There is one span to output from the data below: the lines starting at the line with "The Mammillaria spinosissima" and ending at the line with "Nom : GRATIA". Output it exactly, ends included, nothing more.

[Crawled caption data]
------

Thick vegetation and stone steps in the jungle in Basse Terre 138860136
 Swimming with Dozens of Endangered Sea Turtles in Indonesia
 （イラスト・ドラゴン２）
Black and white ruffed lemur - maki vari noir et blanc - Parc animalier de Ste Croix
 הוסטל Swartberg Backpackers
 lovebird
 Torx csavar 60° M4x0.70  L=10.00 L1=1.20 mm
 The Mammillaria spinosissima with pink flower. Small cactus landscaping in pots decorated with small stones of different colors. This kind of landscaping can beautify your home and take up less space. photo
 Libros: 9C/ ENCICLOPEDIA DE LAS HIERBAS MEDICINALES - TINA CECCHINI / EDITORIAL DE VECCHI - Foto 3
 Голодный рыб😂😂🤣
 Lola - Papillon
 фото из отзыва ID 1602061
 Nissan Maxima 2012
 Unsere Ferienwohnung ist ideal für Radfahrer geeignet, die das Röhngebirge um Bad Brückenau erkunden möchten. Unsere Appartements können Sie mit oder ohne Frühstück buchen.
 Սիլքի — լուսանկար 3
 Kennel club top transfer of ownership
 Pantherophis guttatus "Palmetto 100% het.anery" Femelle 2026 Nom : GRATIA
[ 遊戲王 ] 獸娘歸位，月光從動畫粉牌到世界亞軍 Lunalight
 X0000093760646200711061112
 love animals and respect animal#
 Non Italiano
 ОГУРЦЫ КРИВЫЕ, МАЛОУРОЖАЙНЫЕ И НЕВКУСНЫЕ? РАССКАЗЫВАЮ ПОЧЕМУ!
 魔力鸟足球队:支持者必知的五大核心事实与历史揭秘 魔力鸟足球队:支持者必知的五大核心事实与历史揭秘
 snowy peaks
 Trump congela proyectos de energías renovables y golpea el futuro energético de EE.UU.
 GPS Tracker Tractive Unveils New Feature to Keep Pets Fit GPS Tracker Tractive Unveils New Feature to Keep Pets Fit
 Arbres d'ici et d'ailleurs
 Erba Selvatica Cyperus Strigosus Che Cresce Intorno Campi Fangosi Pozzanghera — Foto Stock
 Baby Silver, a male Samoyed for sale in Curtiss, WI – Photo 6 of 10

------

# REPLY:
 The Mammillaria spinosissima with pink flower. Small cactus landscaping in pots decorated with small stones of different colors. This kind of landscaping can beautify your home and take up less space. photo
 Libros: 9C/ ENCICLOPEDIA DE LAS HIERBAS MEDICINALES - TINA CECCHINI / EDITORIAL DE VECCHI - Foto 3
 Голодный рыб😂😂🤣
 Lola - Papillon
 фото из отзыва ID 1602061
 Nissan Maxima 2012
 Unsere Ferienwohnung ist ideal für Radfahrer geeignet, die das Röhngebirge um Bad Brückenau erkunden möchten. Unsere Appartements können Sie mit oder ohne Frühstück buchen.
 Սիլքի — լուսանկար 3
 Kennel club top transfer of ownership
 Pantherophis guttatus "Palmetto 100% het.anery" Femelle 2026 Nom : GRATIA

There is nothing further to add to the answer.